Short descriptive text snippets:
--------------------
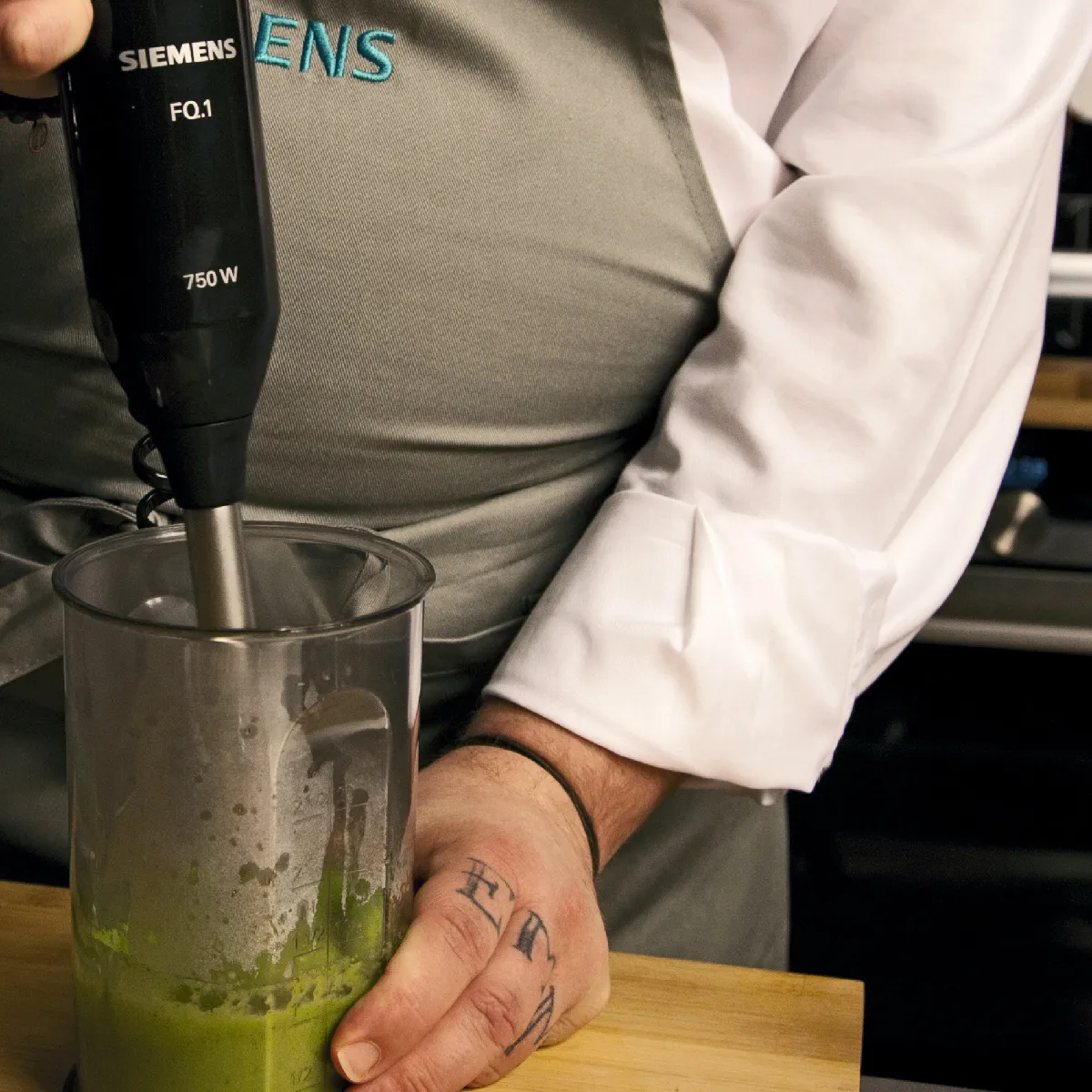 Chef utilizzando un frullatore ad immersione per purea di salsa verde in un contenitore chiaro su un bancone della cucina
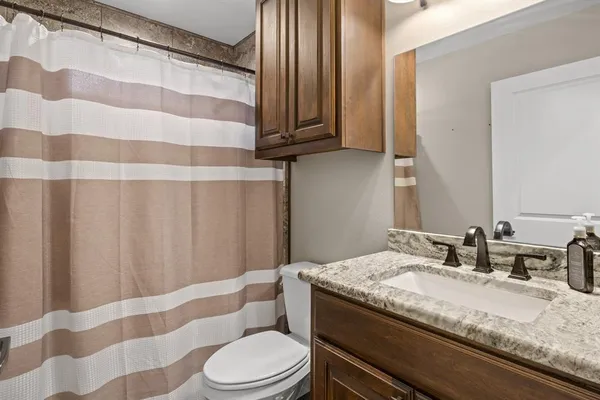 a bathroom with a granite countertop sink toilet a mirror and shower curtain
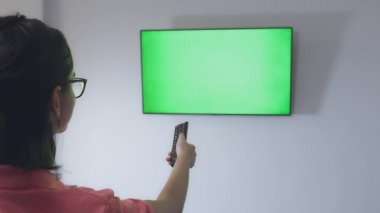 Gözlüklü kız TV 'nin önündeki kanepeye oturur ve uzaktan kumandayla kanalları değiştirir, krom anahtar, yakın plan.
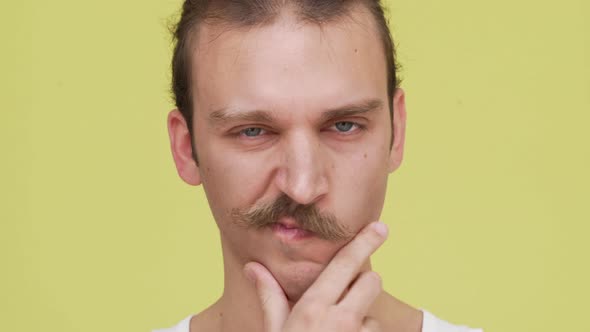 Closeup Serious Caucasian Young Man Planning Some Idea Touching Chin with Strong View alt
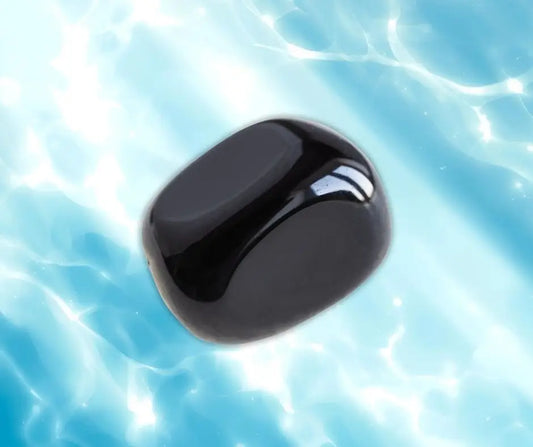 Pierre roulée d’obsidienne noire sur fond lumineux bleu, symbole de protection, d’ancrage et de force intérieure – Aura Cristal
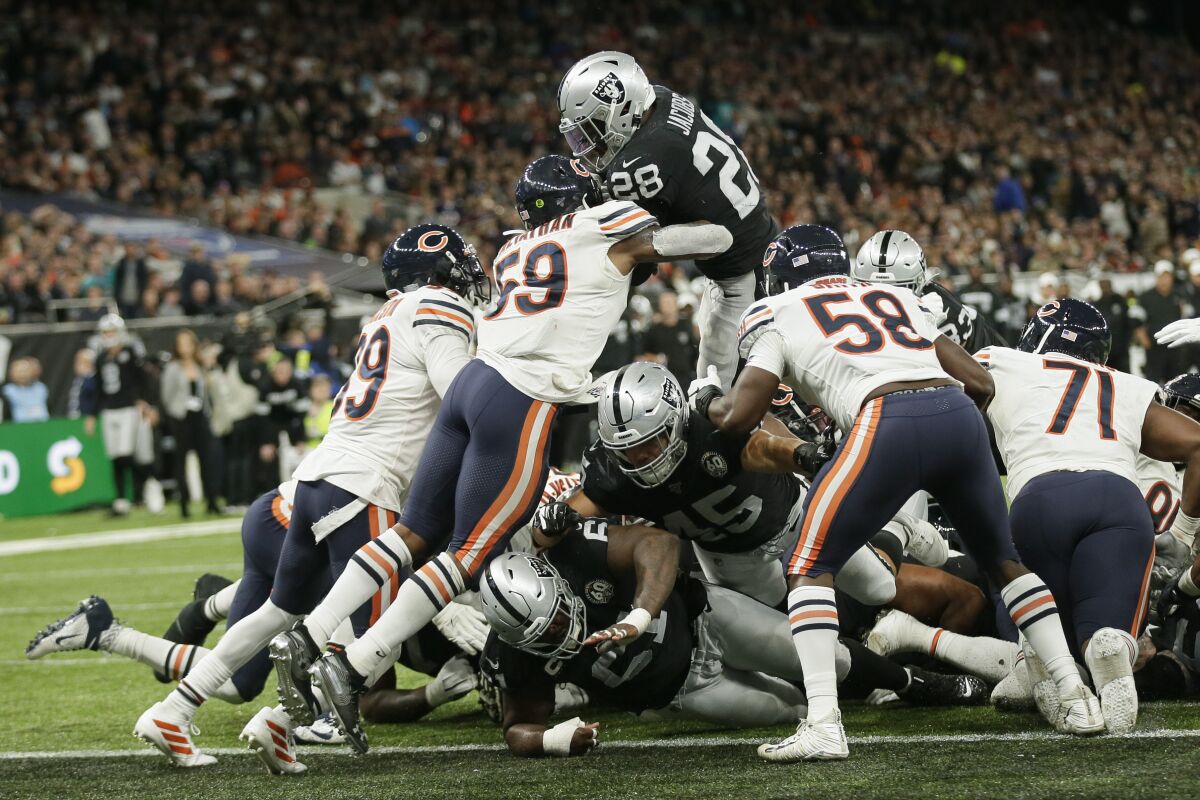 Oakland Raiders running back Josh Jacobs leaps over the line to score a touchdown during the second half of a 24-21 victory over the Chicago Bears.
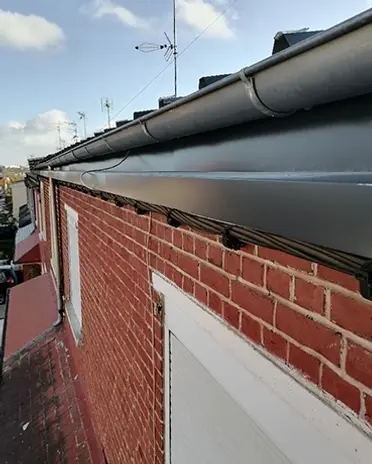 gouttiere-zinc-renovation-facade-dubois-couverture.webp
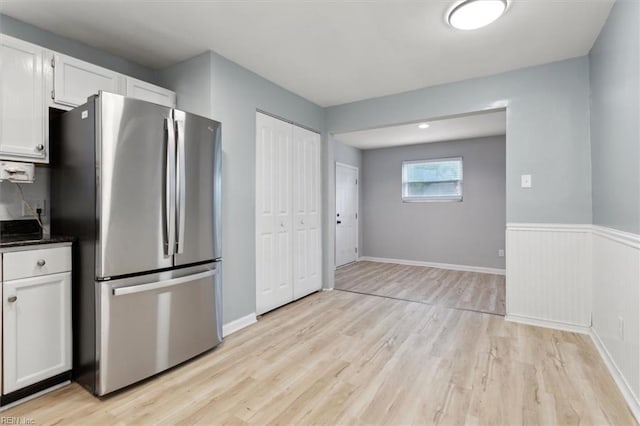 500 Mango Dr, Virginia Beach, VA 23452 - kitchen featuring freestanding refrigerator, light wood-style floors, white cabinetry, and baseboards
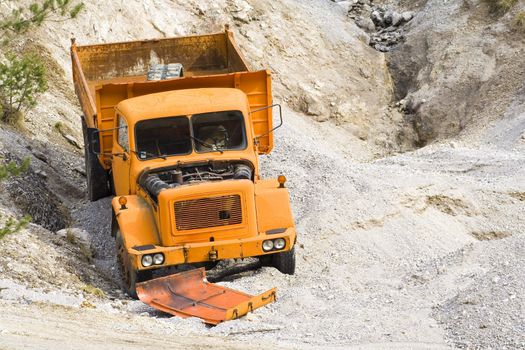 Old, abandoned, broken down orange truck in quarry.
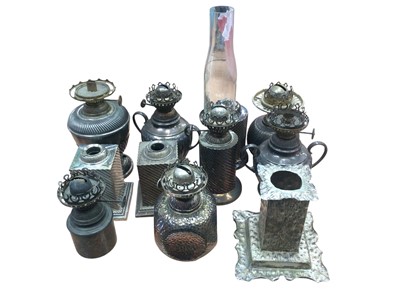 Lot 2609 - Eleven late Victorian and Edwardian silver plated small oil table lamp bases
--------------------
▶ EXERCISE DIRECTIONS
Please give every line above again word for word, apart from the pictures.

▶ EXPECTED ANSWER
 Chef utilizzando un frullatore ad immersione per purea di salsa verde in un contenitore chiaro su un bancone della cucina
 a bathroom with a granite countertop sink toilet a mirror and shower curtain
 Gözlüklü kız TV 'nin önündeki kanepeye oturur ve uzaktan kumandayla kanalları değiştirir, krom anahtar, yakın plan.
 Closeup Serious Caucasian Young Man Planning Some Idea Touching Chin with Strong View alt
 Pierre roulée d’obsidienne noire sur fond lumineux bleu, symbole de protection, d’ancrage et de force intérieure – Aura Cristal
 Oakland Raiders running back Josh Jacobs leaps over the line to score a touchdown during the second half of a 24-21 victory over the Chicago Bears.
 gouttiere-zinc-renovation-facade-dubois-couverture.webp
 500 Mango Dr, Virginia Beach, VA 23452 - kitchen featuring freestanding refrigerator, light wood-style floors, white cabinetry, and baseboards
 Old, abandoned, broken down orange truck in quarry.
 Lot 2609 - Eleven late Victorian and Edwardian silver plated small oil table lamp bases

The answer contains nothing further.